Question

The owner of a restaurant that serves Continental-style entrées has the business objective of learning more about the patterns of patron demand during the Friday-to-Sunday weekend time period. She decided to study the i.) demand for dessert during this time period, ii.) the gender of the individual, and iii.) whether or not a beef entrée was ordered.
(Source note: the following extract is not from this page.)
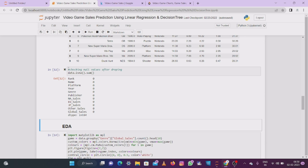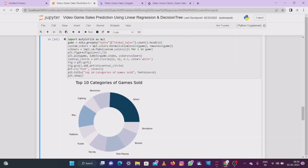Up to now we have seen the statistical information about the dataset. Let's move into visualization of the data using exploratory data analysis. By using visualization we can clearly understand the dataset before building models. I am plotting a pie chart which shows the categories of games sold — action games, adventure games, music, racing, shooting, simulation games — these are the types of games present in the dataset, and I've taken the top 10 categories.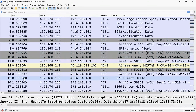Hi friends, this is Gautam. In this video tutorial I am going to discuss how selective acknowledgement is working in TCP. For example, a sender sends 500 bytes of data to the receiver, sending 5 segments with each segment being 100 bytes of data.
Data were collected from 630 customers and organized in the following contingency tables:

Gender

Dessert Ordered	Male	Female	Total
Yes	50	96	146
No	250	234	484
Total	300	330	630

Beef Entree

Dessert Ordered	Yes	No	Total
Yes	74	68	142
No	123	365	488
Total	197	433	630

1. At the a = 0.05 level of significance, is there evidence of a difference between males and females in the proportion who order dessert?

2. At the a = 0.05 level of significance, is there evidence of a difference in the proportion who order dessert based on whether a beef entrée was ordered?

Answer 1

1. The hypothesis being tested is:

H₀: p₁ = p₂

H_a: p₁ ≠ p₂

p1	p2	pc
0.1667	0.2909	0.2317	p (as decimal)
50/300	96/330	146/630	p (as fraction)
50.	96.	146.	X
300	330	630	n
	-0.1242	difference
	0.	hypothesized difference
	0.0337	std. error
	-3.69	z
	.0002	p-value (two-tailed)

The p-value is 0.0002.

Since the p-value (0.0002) is less than the significance level (0.05), we can reject the null hypothesis.

Therefore, we can conclude that there is a difference between males and females in the proportion who order dessert.

2. The hypothesis being tested is:

H₀: p₁ = p₂

H_a: p₁ ≠ p₂

p1	p2	pc
0.3756	0.157	0.2254	p (as decimal)
74/197	68/433	142/630	p (as fraction)
74.	68.	142.	X
197	433	630	n
	0.2186	difference
	0.	hypothesized difference
	0.0359	std. error
	6.09	z
	1.15E-09	p-value (two-tailed)

The p-value is 0.0000.

Since the p-value (0.0000) is less than the significance level (0.05), we can reject the null hypothesis.

Therefore, we can conclude that there is a difference between males and females in the proportion who order dessert based on whether a beef entrée was ordered.